The Low Latency 50G Ethernet core does not process incoming frames of less than nine bytes correctly. You must ensure such frames do not reach the TX client interface.

You must send each TX data packet without intermediate idle cycles. Therefore, you must ensure your application can provide the data for a single packet in consecutive clock cycles. If data might not be available otherwise, you must buffer the data in your design and wait to assert l2_tx_startofpacket when you are assured the packet data to send on l2_tx_data[127:0] is available or will be available on time.

l2_tx_preamble[63:0] Input User preamble data.
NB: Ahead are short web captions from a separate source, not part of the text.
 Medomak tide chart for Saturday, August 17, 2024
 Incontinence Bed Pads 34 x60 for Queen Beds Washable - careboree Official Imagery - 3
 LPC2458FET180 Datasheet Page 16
Available when you select PREAMBLE PASS-THROUGH mode.

User logic drives the custom preamble data when l2_tx_startofpacket is asserted.
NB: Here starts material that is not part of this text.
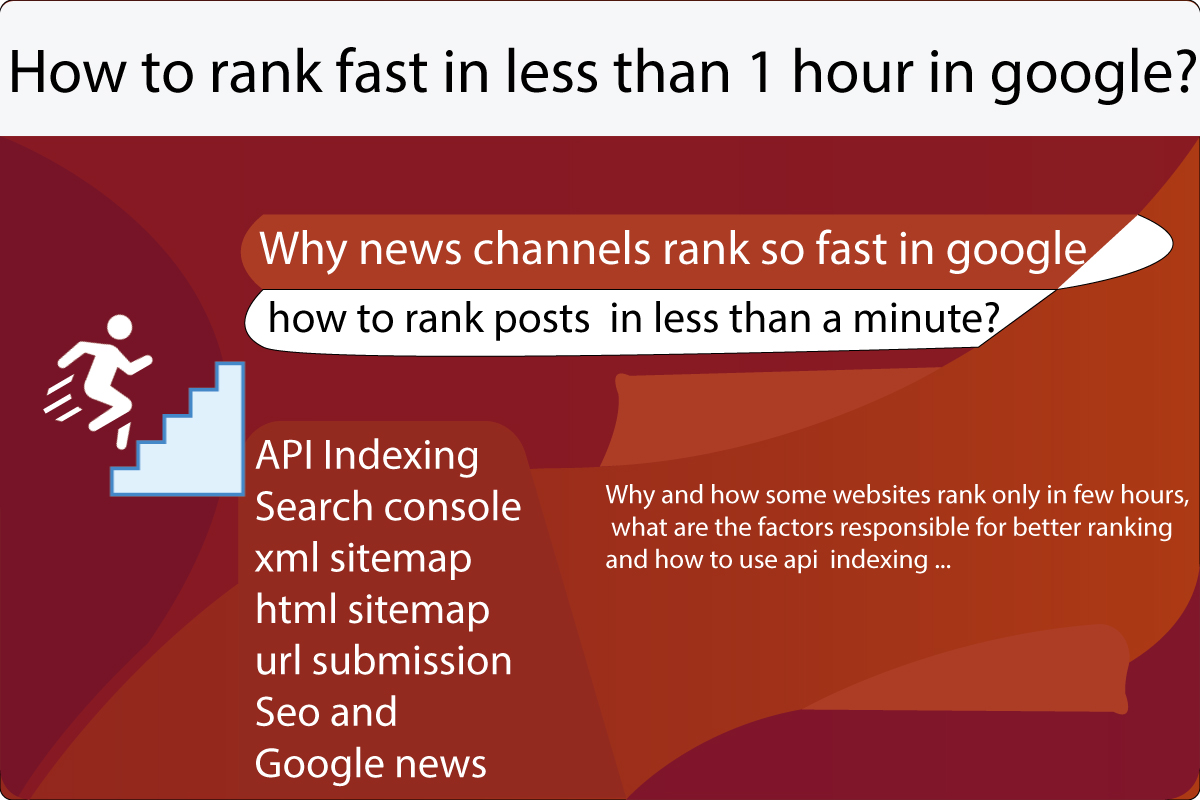 Why websites like news channels rank so fast in google?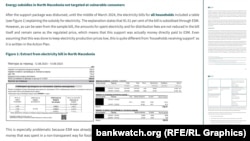 Делот од истражувањето на Бенквоч за владините субвенции на сметките за струја за време на енергетската криза.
l2_tx_valid Input When asserted, indicates valid data is available on l2_tx_data[127:0]. You must assert this signal continuously between the assertions of l2_tx_startofpacket and l2_tx_endofpacket for the same packet.
l2_tx_startofpacket Input When asserted, indicates the first byte of a frame. When l2_tx_startofpacket is asserted, the MSB of l2_tx_data drives the first byte of the packet.
l2_tx_endofpacket Input When asserted, indicates the end of a packet. The IP core ignores packets with length less than nine bytes.
l2_tx_empty[3:0]   Specifies the number of empty bytes on l2_tx_data when l2_tx_endofpacket is asserted.
l2_tx_ready Output When asserted, indicates that the MAC can accept the data.
l2_txstatus_valid Output When asserted, indicates that l2_txstatus_error[6:0] is driving valid data.
l2_txstatus_data[39:0] Output Specifies information about the transmit frame. The following fields are defined:
  • [Bit 39]: When asserted, indicates a PFC frame
  • [Bit 38]: When asserted, indicates a unicast frame
  • Bit[37]: When asserted, indicates a multicast frame
  • Bit[36]: When asserted, indicates a broadcast frame
  • Bit[35]: When asserted, indicates a pause frame
  • Bit[34]: When asserted, indicates a control frame
  • Bit[33]: When asserted, indicates a VLAN frame
  • Bit[32]: When asserted, indicates a stacked VLAN frame
  • Bits[31:16]: Specifies the frame length from the first byte of the destination address to the last bye of the FCS
  • Bits[15:0]: Specifies the payload length
l2_txstatus_error[6:0] Output Specifies the error type in the transmit frame. The following fields are defined:
  • Bits[6:3]: Reserved
  • Bit[2]: Payload length error
  • Bit[1]: Oversized frame
  • Bit[0]: Reserved
Figure 19. Client to Low Latency 50G Ethernet MAC Avalon® Streaming Interface The IP core expects data order in l2_tx_data is highest byte to lowest byte. The first byte of the destination address is on l2_tx_data[127:120] , 0xabe4233 . . . in this timing diagram.